Docs - Increasing EKS node group pool sizes doesn't work due to autoscale handling
We recently expanded our supporting pool node group because we've added a few extra things and needed the capacity. We changed supporting_node_pool_count from 2 to 3 in. However, the terraform apply then failed:
│ Error: error updating EKS Node Group (<REDACTED>:gitlab_supporting_pool_20220721011642956500000011) config: InvalidParameterException: Minimum capacity 3 can't be greater than desired size 2
This is because desired_size is in ignore_changes in the lifecycle stanza for the node pool, so terraform reads the value, but ignores it and doesn't update it (to the 'min size'), leading to the conflict when the API call is made.
The ignore was added with Cluster auto-scaling capability, and it definitely seems to be necessary, because https://registry.terraform.io/providers/hashicorp/aws/latest/docs/resources/eks_node_group#ignoring-changes-to-desired-size suggests it, and https://docs.aws.amazon.com/cli/latest/reference/eks/update-nodegroup-config.html says
When Cluster Autoscaler is used, the desiredSize parameter is altered by Cluster Autoscaler (but can be out-of-date for short periods of time)
So in the cluster autoscaling case the value is being updated live by pixies in the system and we not only shouldn't care about changes, but also shouldn't poke new values into it.
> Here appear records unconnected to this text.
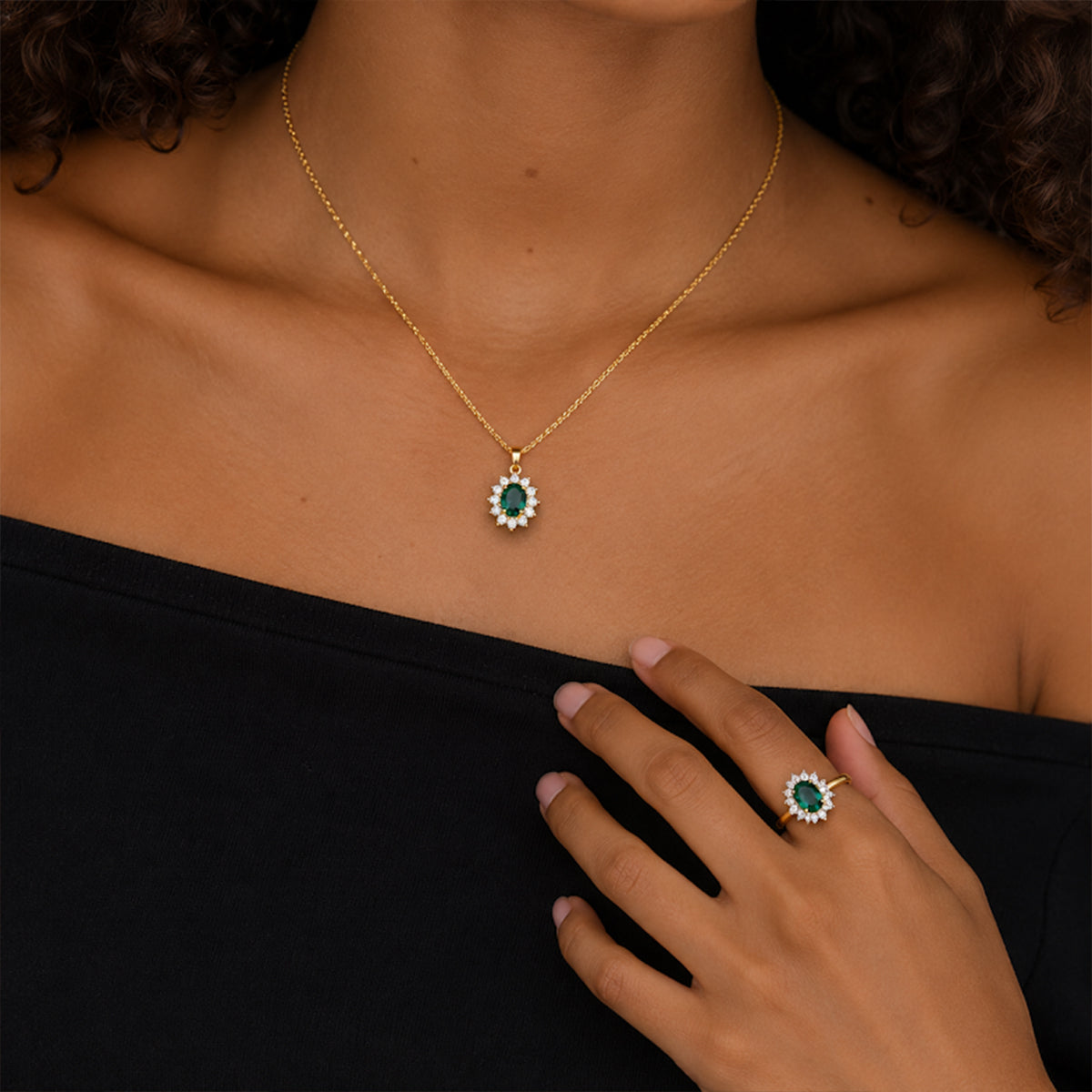 Collana Royal Lady Dorata con Zircone Verde Smeraldo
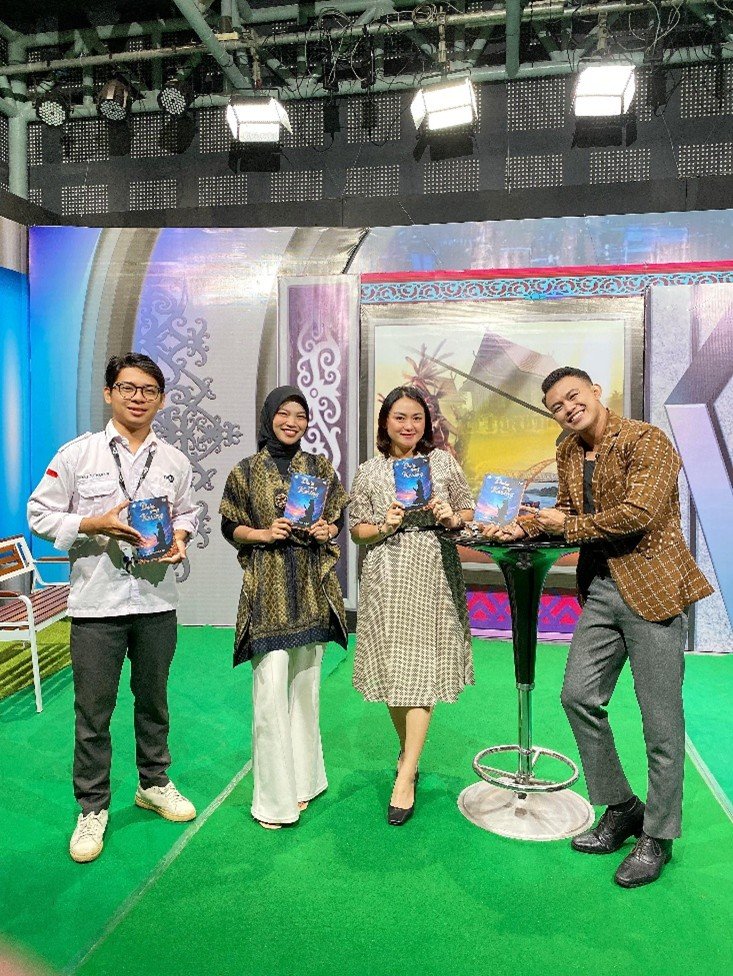 -	Narasumber Berbagi Praktik Baik Tentang Penulisan Buku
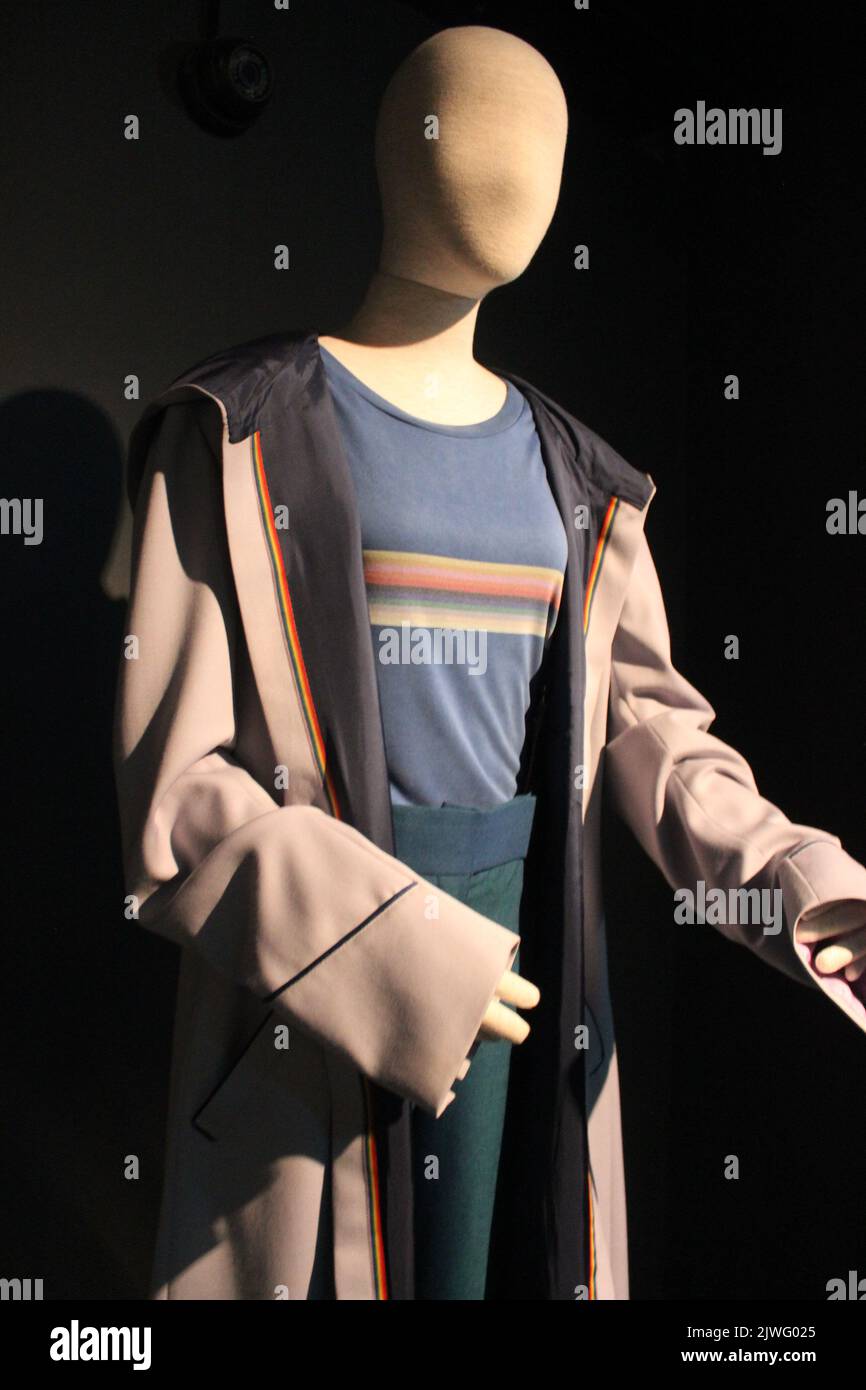 Il costume di Doctor's 13th in mostra alla mostra Doctor Who: Worlds of Wonder di Liverpool. Foto Stock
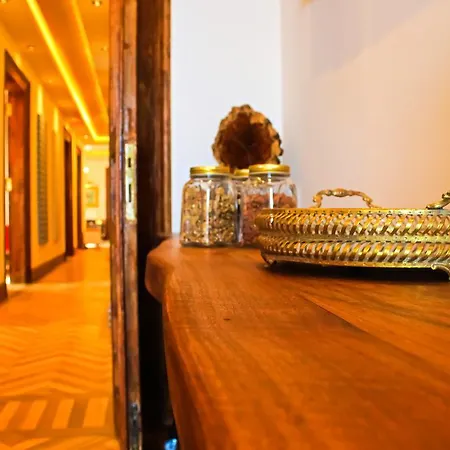 Apartment Maroon Istanbul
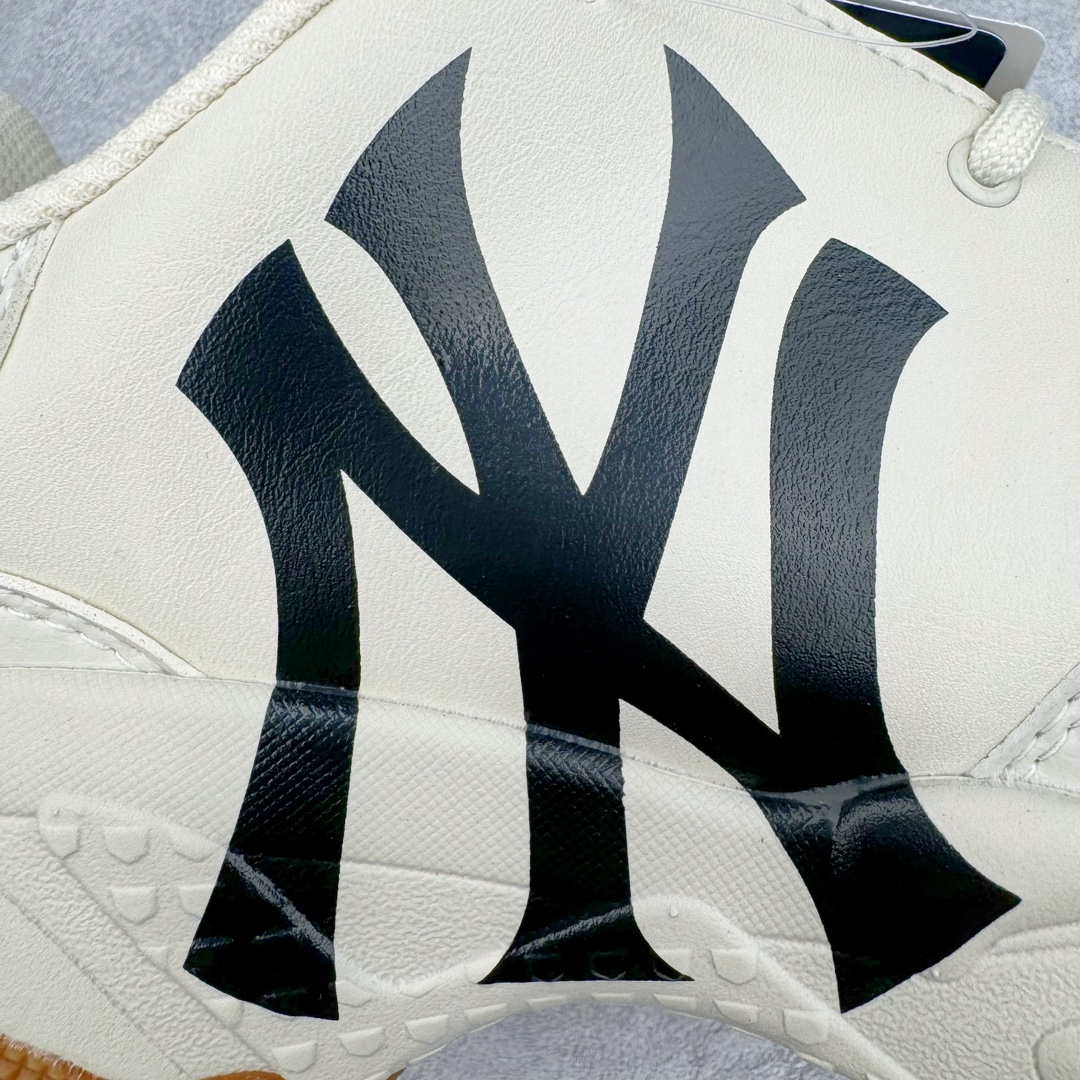 图片[15]-＃DT纯原 MLB Big Ball Chunky 复古印花老爹鞋系列低帮轻量增高厚底百搭休闲运动慢跑鞋 Korea韩国联名NY美国榄球纽约洋基队限定 目前可过轻松秒过各类鉴定 能操作的私聊 韩国代购专供 左脚内置NFC感应 区别市面贴纸假芯片 MLB专用菱形双针中底布 重点细节中底布带注胶孔 原厂NFC感应吊牌 支持鉴定 一个两位数 原盒原标 全套原楦原纸板原厂数据开发 中韩文保养标贴 绿色防霉片 平台代购专供 独家一比一RB+MD组合大底 高频后跟小人Logo精准对位立体饱满 正确网布加超迁鞋面 转印中底走线紧密 转印Logo工艺表层防刮不掉色 尺码：35 36 36.5 37.5 38 38.5 39 40 40.5 41 42 42.5 43 44 44.5 45-选品中心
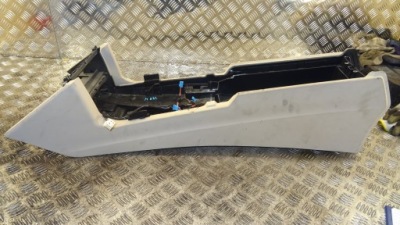 Mercedes e-klasa w212 туннель средний nr m882 фото №1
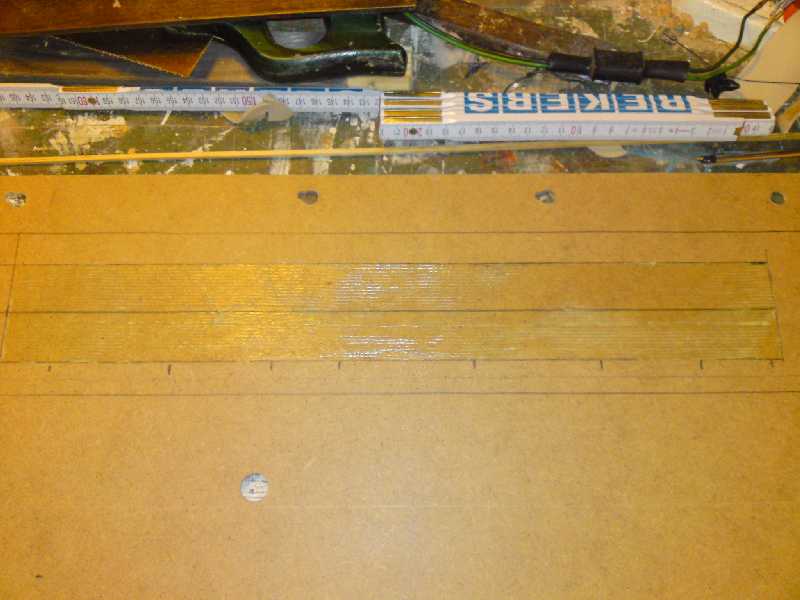 Datei:Tuerverkleidungen mit leder beziehen 04.jpg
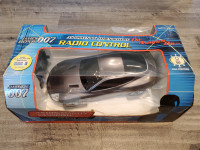 1:16 not 1:18 Plastic Beanstalk 007 Aston Martin Vanquish RC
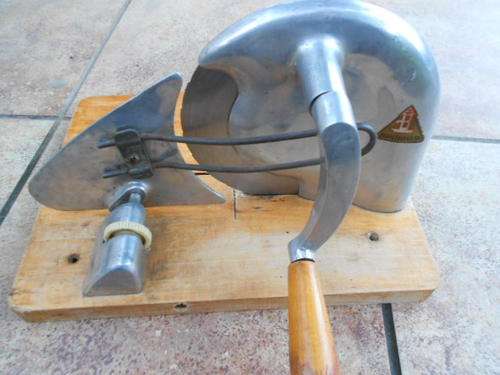 Vintage Brunner Bread Slicer lovely working order see below !!!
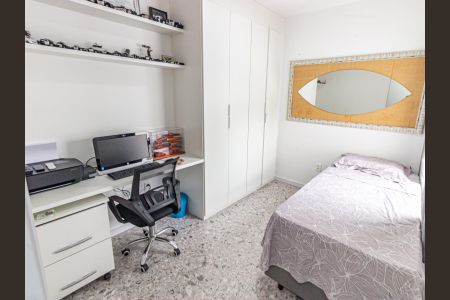Apartamento à venda com 92m², 2 quartos e 2 vagasQuarto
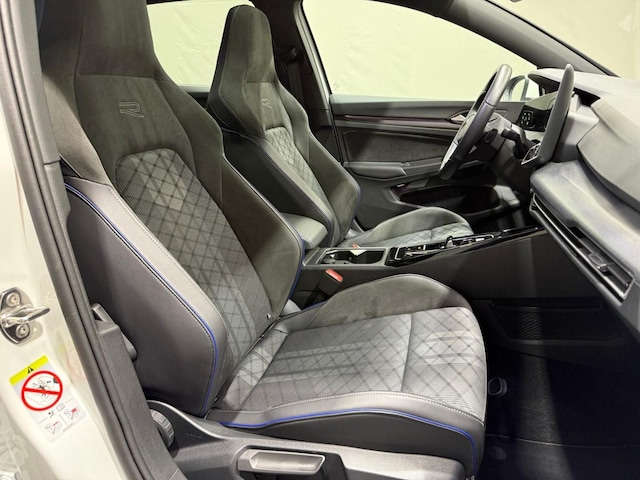 Volkswagen Golf 1.5 eTSI DSG R-Line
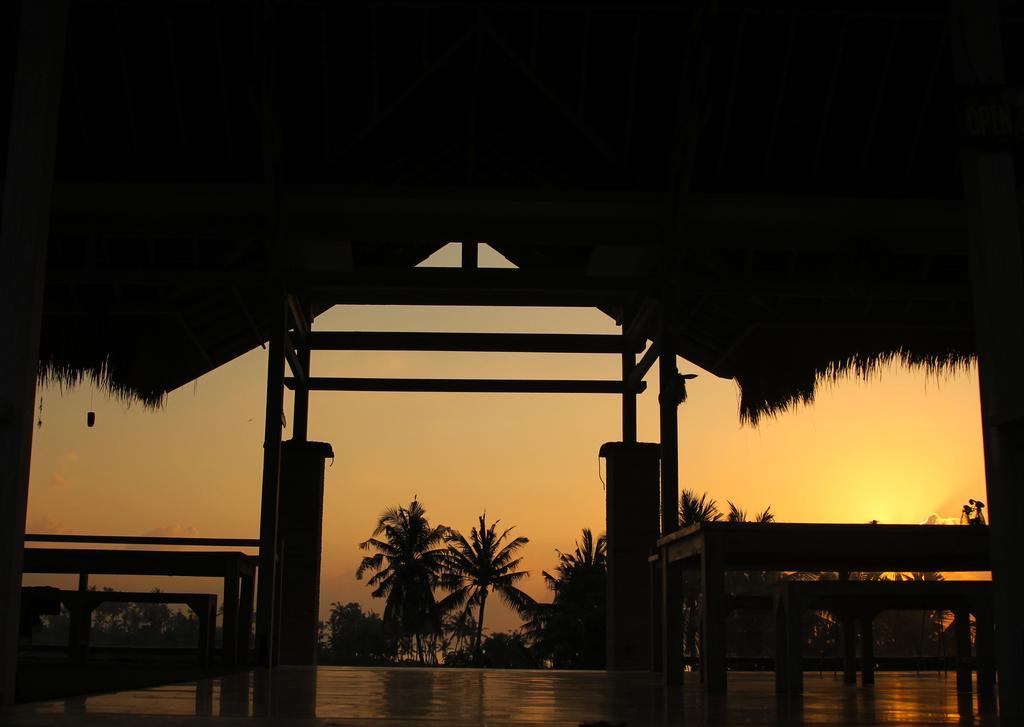 Barn N Bunk Hotel กีอันยาร์ ภายนอก รูปภาพ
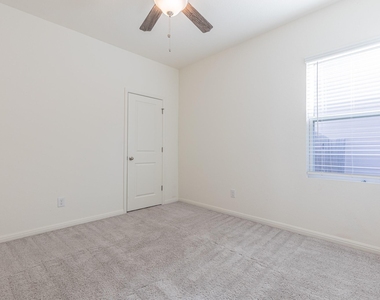 141 Rubrum Rd - Photo Thumbnail 15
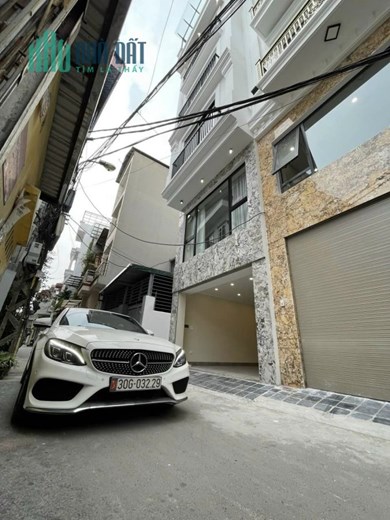 BÁN NHÀ NGUYỄN VĂN CỪ, DT 45M, 6T, 8.95 TỶ, GARA Ô TÔ, THANG MÁY NHẬP KHẨU
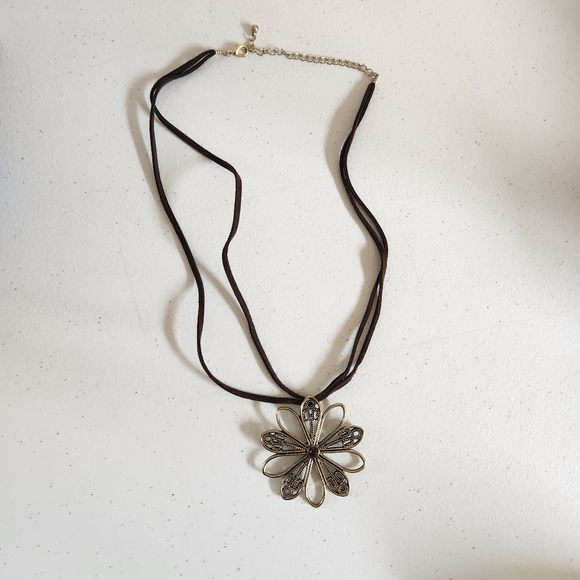 Vintage 1990s Flower Necklace Choker Grunge Daisy 90s Jewelry Whimsigoth Y2K 90s - Picture 2 of 5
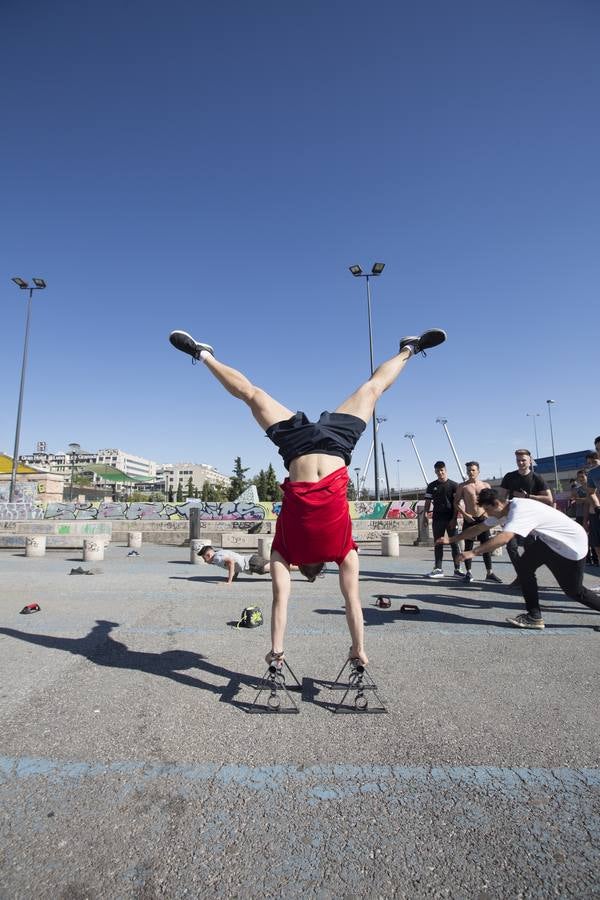 Street Workout, la otra vida del botellódromo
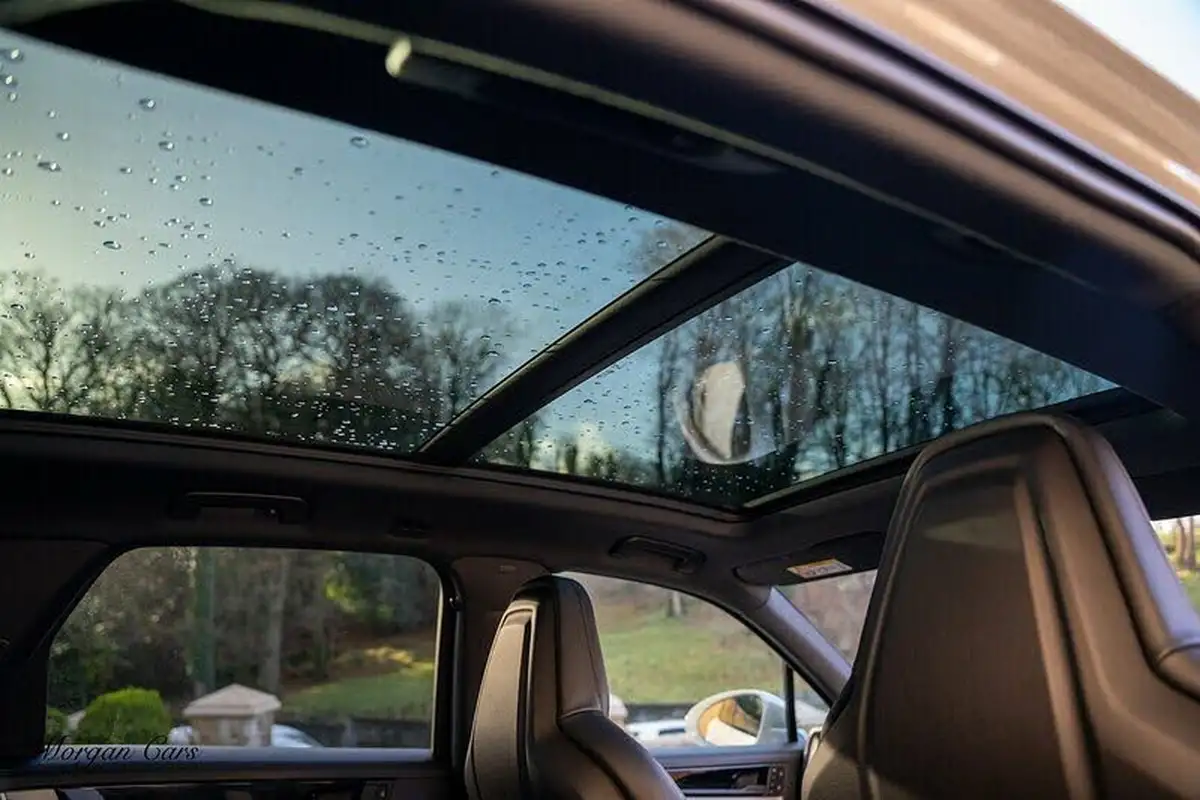 2024-porsche-cayenne-40-v8-station-wagon-big-34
I don't see a clean way out of this, because lifecycle configs are notoriously unable to have variable/optional elements; we'd need to create a node pool config for each case, which would be horribly duplicated. Maybe we can only add a documentation note about node pool size changes requiring manual effort; I moved past it by commenting out the lifecycle stanza and applying with -target as a separate execution, but the other option is to alter the desired_size manually with AWS CLI or GUI.